How many more years I shall be able to work on the problem, I do not know; I hope, as long as I live. There can be no thought of finishing, for “aiming at the stars”, both literally and figuratively, is a problem to occupy generations, so that no matter how much progress one makes, there is always the thrill of just beginning.
Robert Goddard to H.G. Wells, 1932
A very humble beginning to the Space Age 91 years ago, courtesy of Doctor Robert Goddard:
March 17, 1926. The first flight with a rocket using liquid propellants was made yesterday at Aunt Effie’s farm in Auburn…. Even though the release was pulled, the rocket did not rise at first, but the flame came out, and there was a steady roar. After a number of seconds it rose, slowly until it cleared the frame, and then at express train speed, curving over to the left, and striking the ice and snow, still going at a rapid rate.

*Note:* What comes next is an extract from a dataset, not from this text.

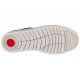 4. Buty FitFlop Rally Sneakers W X22-399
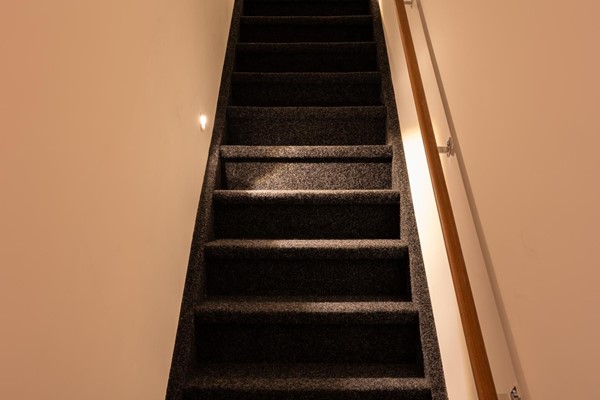 Medium property photo - Nieuwsteeg 34B, 1621 EE Hoorn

Goddard would launch 34 more rockets between 1926 and 1941 with public attention growing as he pioneered the first steps of man beyond our planet. Goddard died in 1945 and lived long enough to examine Nazi V-2s, he having offered his services, patents and research to the government during World War II. In graduating from high school in 1904 Goddard gave an oration which contained a sentence which would sum up his life:
It is difficult to say what is impossible, for the dream of yesterday is the hope of today and the reality of tomorrow.